C'è "Krautrock", c'è "The Sad Skinhead" e altro materiale da Faust IV, c'è "Jennifer", ci sono pezzi dai lavori più recenti e da quelli venturi. Brandelli di Faust I, escursioni mantriche, deliri d'improvvisazione. Un carrozzone dadaista, suoni cosmici e stralunati, eppure terribilmente concreti. Noi siamo tutti a bocca aperta, come bimbi al circo. Attimi di panico invece in prima fila, dove ci sono da schivare le scintille che il trapano produce sul bidone, e i pesantissimi tubi di metallo (sic) che Zappi e l'insospettabile Cambuzet lanciano dal palco (sic). Per non dire di Juan Hervè che, in pieno "flower power", trotterella spensierato mentre brandisce una motosega. La parola chiave, mi dispiace che sia così cacofonica ma non ce ne sono altre, è sdrammatizzazione. La tragedia, che i Faust esploravano con suole di vento, si dissolve nel nonsense. Ogni gesto di Peron è privo di qualunque "valore", se così posso dire. Non c'è nulla di serio, eppure sì. Al momento non so dire altro.

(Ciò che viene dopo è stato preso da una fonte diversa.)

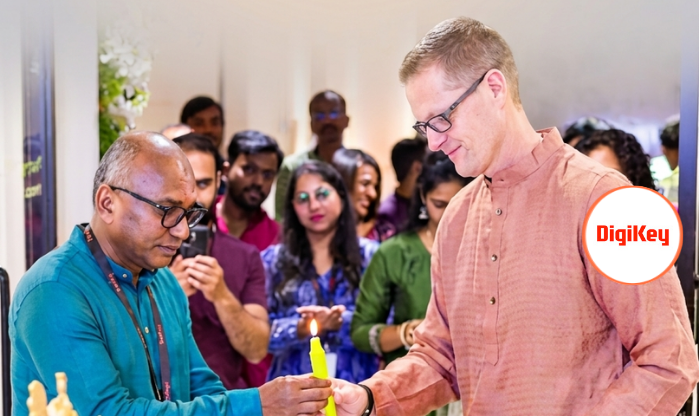 DigiKey strengthens India operations with new GCC facility in Bengaluru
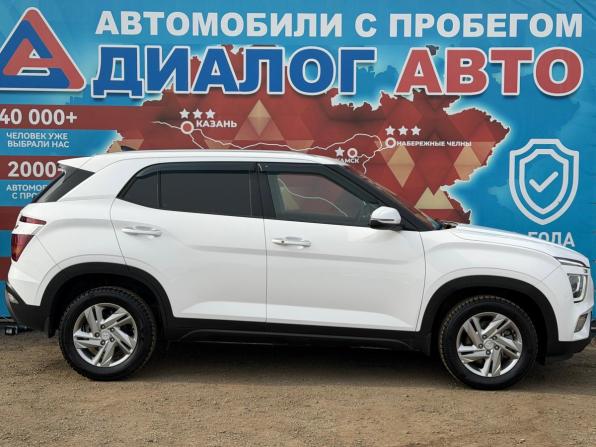 Hyundai Creta II с пробегом 2021 года, цена 2 210 000 рублей, 43854 км, внедорожник, Автокод Объявления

Dissoltasi l'ovazione di commiato, riesco invece a produrre un pensiero assai lucido: non voglio tornare là fuori. Tra gente comune e vita reale. Che poi quanto è reale una vita dove ogni cosa si porta dietro il peso di una definizione, e la melma sembra precludere qualunque fuga all'intelletto ansioso di deviazione? Avrei raggiunto dopo pochi istanti il nirvana, se la mia ex non mi avesse richiamato all'ordine, ricordandomi che a momenti chiudevano il teatro. Che donna assennata! Il copione in questo caso è ineludibile, e ahimè, là fuori ci tornai, immediatamente assalito dalla nostalgia della beata incoscienza faustiana. Mi salvò un mercante di rhum, che mi condusse tra nebbie dolciastre. Era il momento per il nostro triangolo di tirare le somme: giudizio unanime fu che ci eravamo divertiti come gli sciacalli dopo la carneficina del "Mucchio selvaggio", ma c'era qualcosa in più, che nessuno di noi riusciva a raccontare, né tantomeno riesco a farlo io adesso.

A distanza di qualche settimana mi vengono in mente le ultime parole di Faust I: "Nobody knows / if it really happened."